Researchers think that two of the closest galaxies to the Milky Way, the Large and Small Magellanic Clouds (LMC and SMC respectively), were caught in a bit of a fender bender a few hundred million years ago. Astronomers were studying the motion of stars in the SMC and discovered that part of the galaxy is moving away from the rest, a strong sign of a past collision.
The team used the European Space Agency’s Gaia telescope to study the internal dynamic of this satellite of the Milky Way. Gaia is designed to image stars again and again over several years. It is capable of such precise observations that it can work out how much stars have moved, even in the SMC which is almost 200,000 light-years from Earth.
The study, soon to be published in The Astrophysical Journal Letters, focused on massive stars that might have been ejected from the clusters where they formed. But the team discovered that stars from the southeast region of the small galaxy, known as the “Wing”, are all moving away from the main body. Although models have previously suggested there was an interaction, this is the first unambiguous finding that shows that the two Magellanic Clouds collided in recent cosmic time.
“This is really one of our exciting results. You can actually see that the Wing is its own separate region that’s moving away from the rest of the SMC,” lead author Professor Sally Oey, from the University of Michigan, said in a statement. “We’ve been looking at very massive, hot young stars – the hottest, most luminous stars, which are fairly rare.
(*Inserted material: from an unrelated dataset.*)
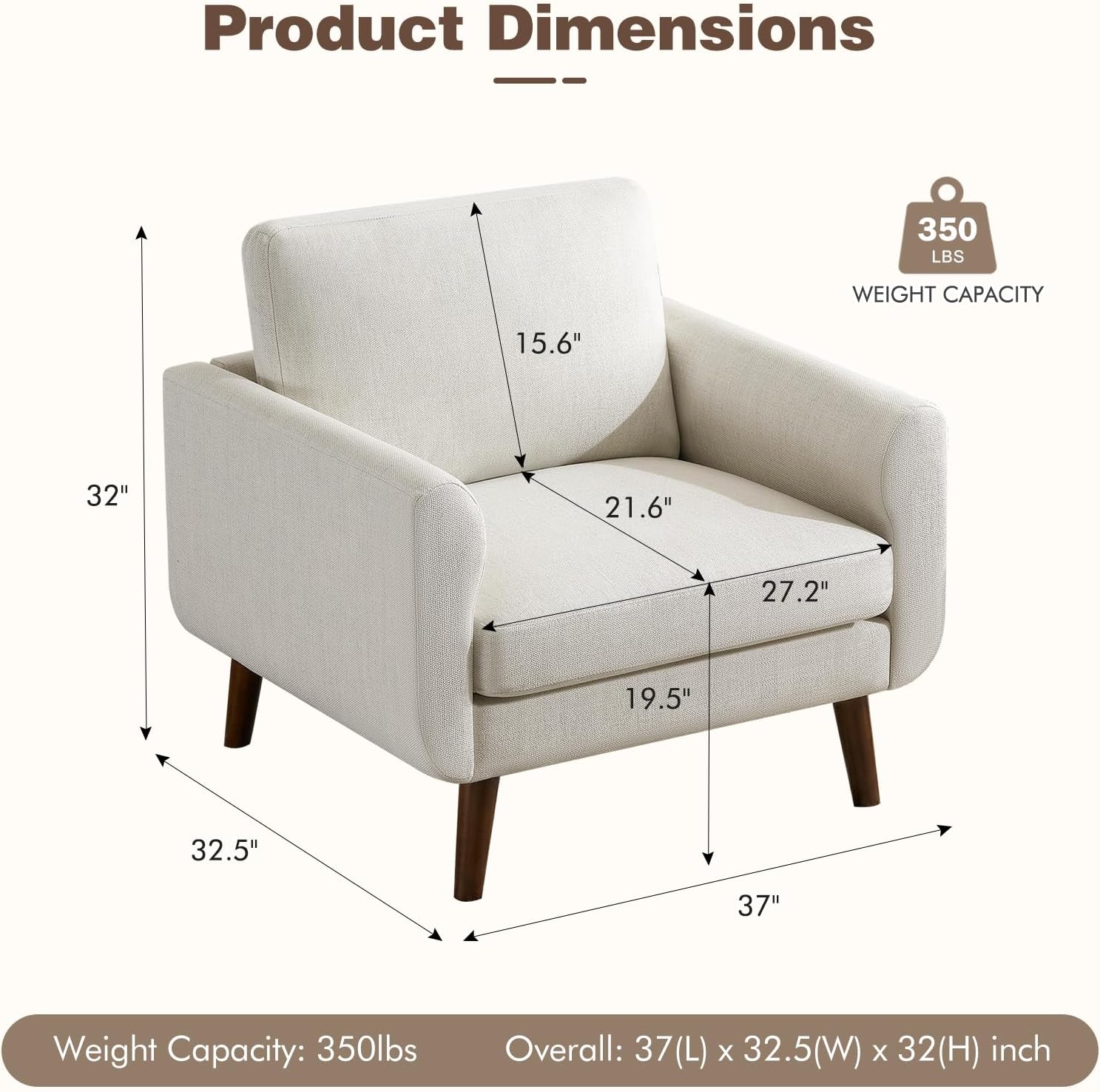 Oversized Accent Chair for Living Room, 37' Mid-Century Modern Comfy Reading Chair, Linen Fabric Solid Wood Frame Armchair, Upholstered Beige Bedroom Accent Chairs Set of 2 for Adults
The beauty of the Small Magellanic Cloud and the Large Magellanic Cloud is that they’re their own galaxies, so we’re looking at all of the massive stars in a single galaxy.”
In 2012, co-author Dr Gurtina Besla and colleagues created a model of possible interactions that could explain the structures in the two small galaxies. Their model predicts that if the Magellanic Clouds had directly collided in their past, the Wing should be moving toward the LMC. This is exactly what has been observed. The stars in the Wing are escaping the SMC at roughly 64 kilometers (40 miles) per second.
There are 59 small galaxies in the neighborhood of the Milky Way and dozens of them are confirmed satellites of our galaxy. The Magellanic Clouds are the only ones visible to the naked eye, and while they are named after the 16th-century Portuguese explorer Ferdinand Magellan, they've been known about since prehistory in Africa, Australasia, and South America.